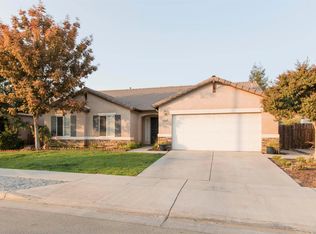 6035 E Bellaire Way, Fresno, CA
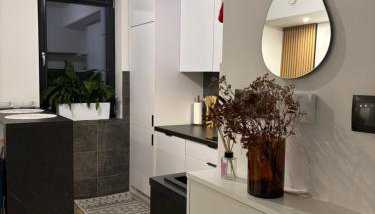 Przytulna kawalerka blisko centrum - Foto 5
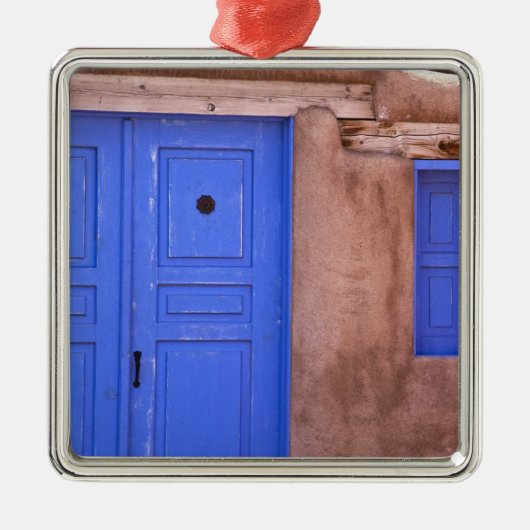 USA, New Mexico, Santa Fe. Sicht auf die blaue Tür Silbernes Ornament (Vorne)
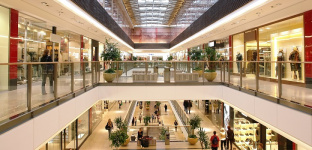 La afluencia a los centros comerciales modera la caída y retrocede un 20,4%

# Requirement
Once the pictures are set aside, repeat the remaining data word for word.

# Exercise response
 6035 E Bellaire Way, Fresno, CA
 Przytulna kawalerka blisko centrum - Foto 5
 USA, New Mexico, Santa Fe. Sicht auf die blaue Tür Silbernes Ornament (Vorne)
 La afluencia a los centros comerciales modera la caída y retrocede un 20,4%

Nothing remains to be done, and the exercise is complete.